* Exercise data:
"""

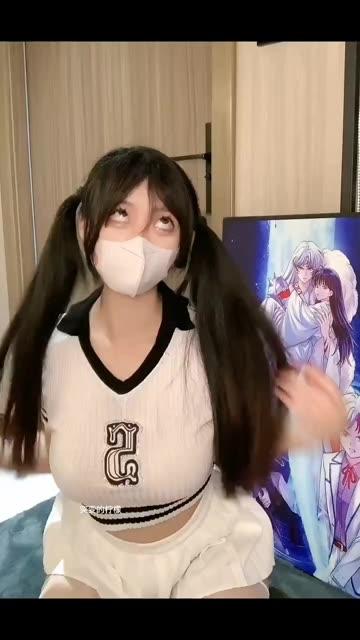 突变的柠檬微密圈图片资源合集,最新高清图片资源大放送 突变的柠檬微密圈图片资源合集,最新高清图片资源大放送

"""
"""

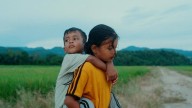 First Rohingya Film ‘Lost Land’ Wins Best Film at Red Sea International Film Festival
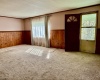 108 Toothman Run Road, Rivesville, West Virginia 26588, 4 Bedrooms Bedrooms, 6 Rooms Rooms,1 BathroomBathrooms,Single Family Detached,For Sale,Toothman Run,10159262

"""
"""

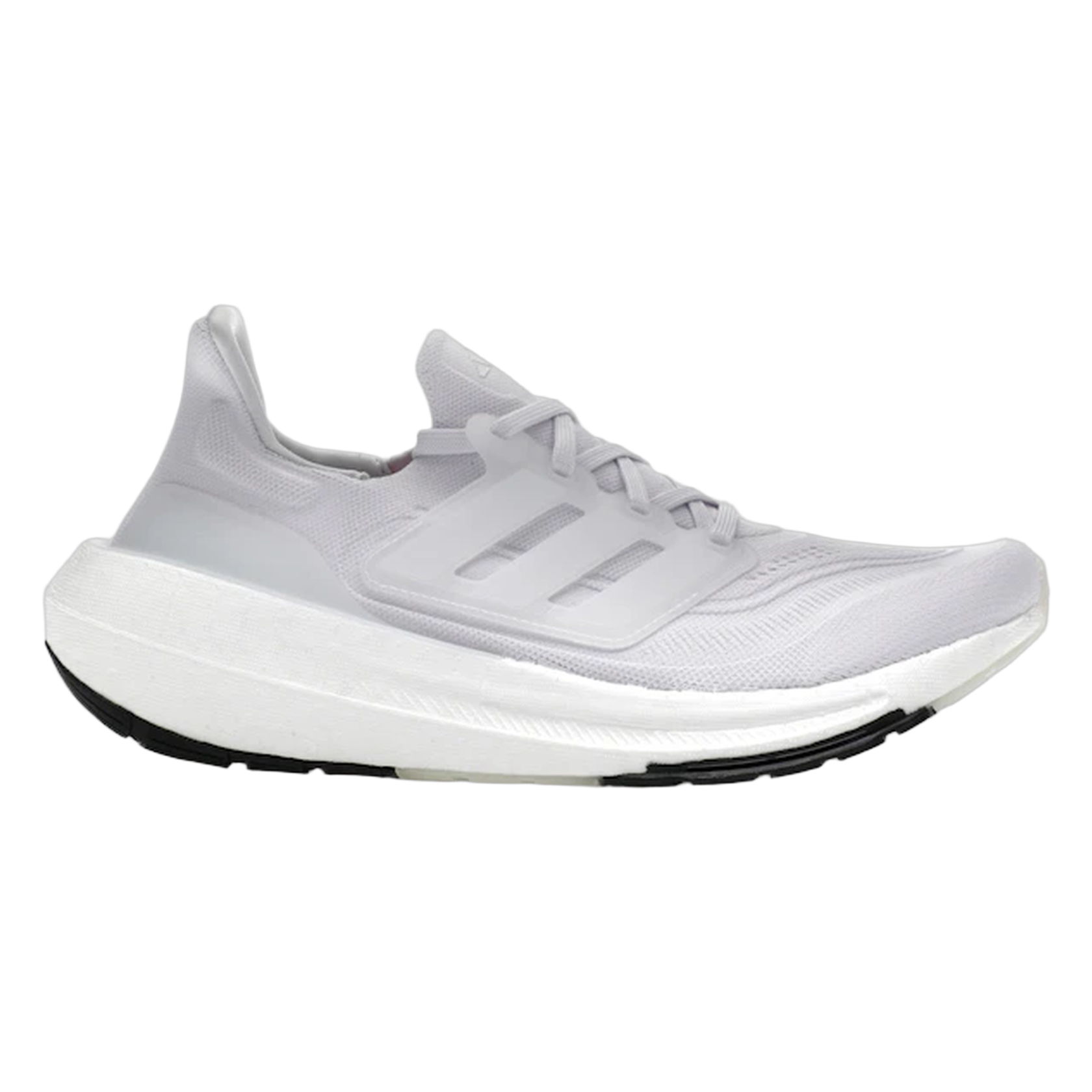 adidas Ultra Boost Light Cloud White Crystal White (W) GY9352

"""

Using the records above, return word for word the lines that begin at the one containing "First Rohingya Film" and end at the one containing "108 Toothman Run", both of them included and no pictures.

 First Rohingya Film ‘Lost Land’ Wins Best Film at Red Sea International Film Festival
 108 Toothman Run Road, Rivesville, West Virginia 26588, 4 Bedrooms Bedrooms, 6 Rooms Rooms,1 BathroomBathrooms,Single Family Detached,For Sale,Toothman Run,10159262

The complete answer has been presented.